PROVIDED MATERIAL:
· · · ·
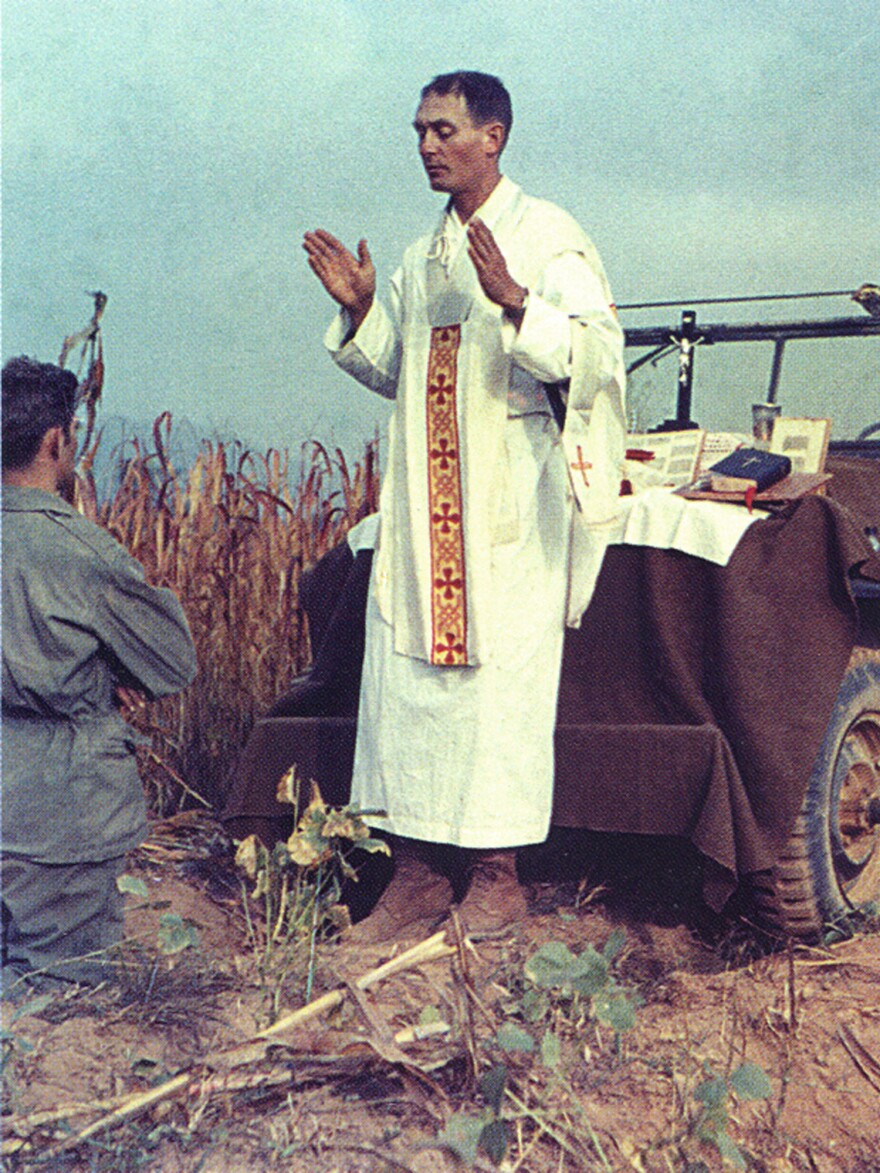 In a photo released by the Catholic Diocese of Wichita, Kapaun says Mass in the field during the Korean War.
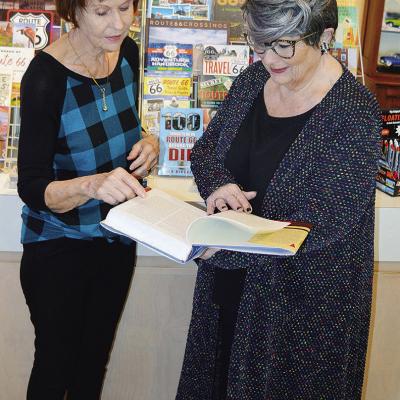 Oklahoma Route 66 Museum Director Pat Smith, left, and volunteer Pam Mosely examine one of the many books in the gift shop. CDN | Michael Maresh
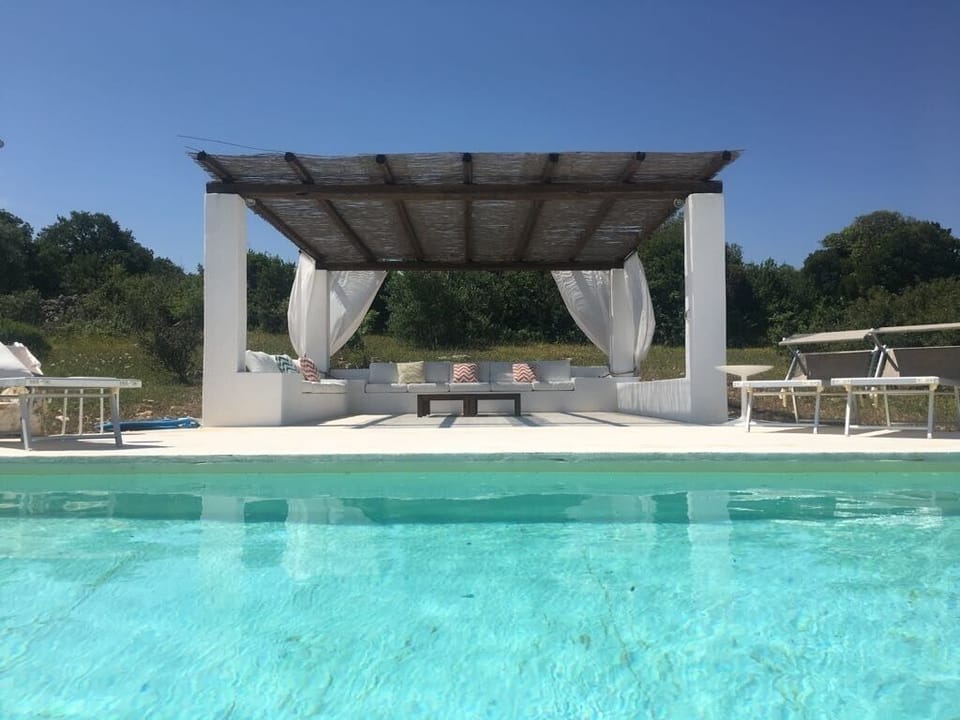Pool area with sun-loungers and couches to enjoy lazy days by the pool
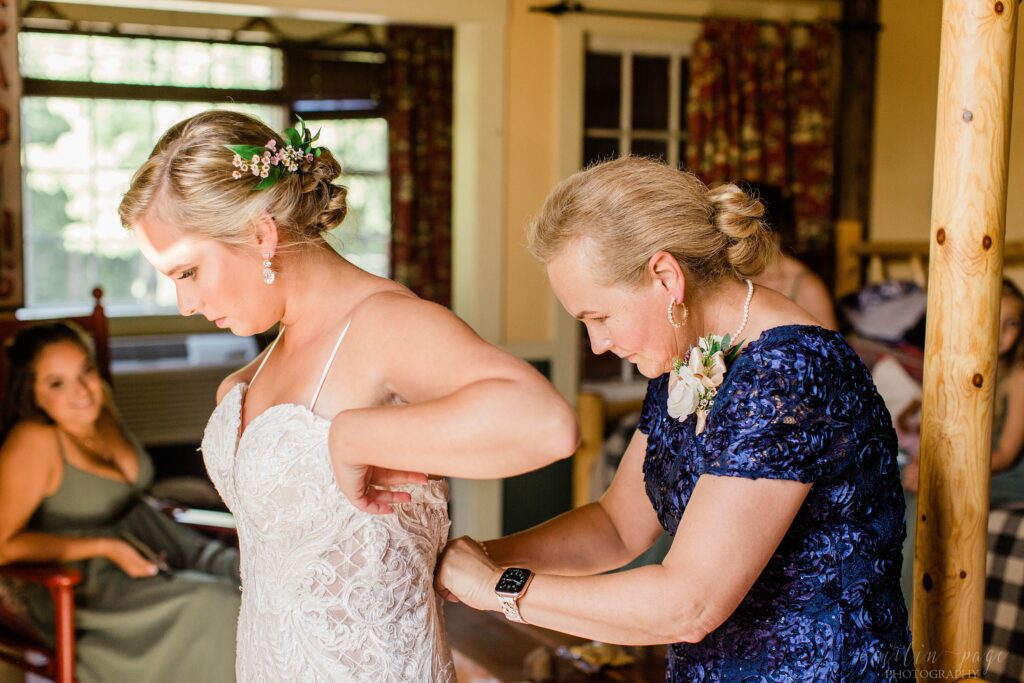 Mother of bride zipping up bride's dress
· · · ·
WHAT IS NEEDED:
All of the data must be set down exactly, with no pictures included.

EXERCISE RESULT:
 In a photo released by the Catholic Diocese of Wichita, Kapaun says Mass in the field during the Korean War.
 Oklahoma Route 66 Museum Director Pat Smith, left, and volunteer Pam Mosely examine one of the many books in the gift shop. CDN | Michael Maresh
Pool area with sun-loungers and couches to enjoy lazy days by the pool
 Mother of bride zipping up bride's dress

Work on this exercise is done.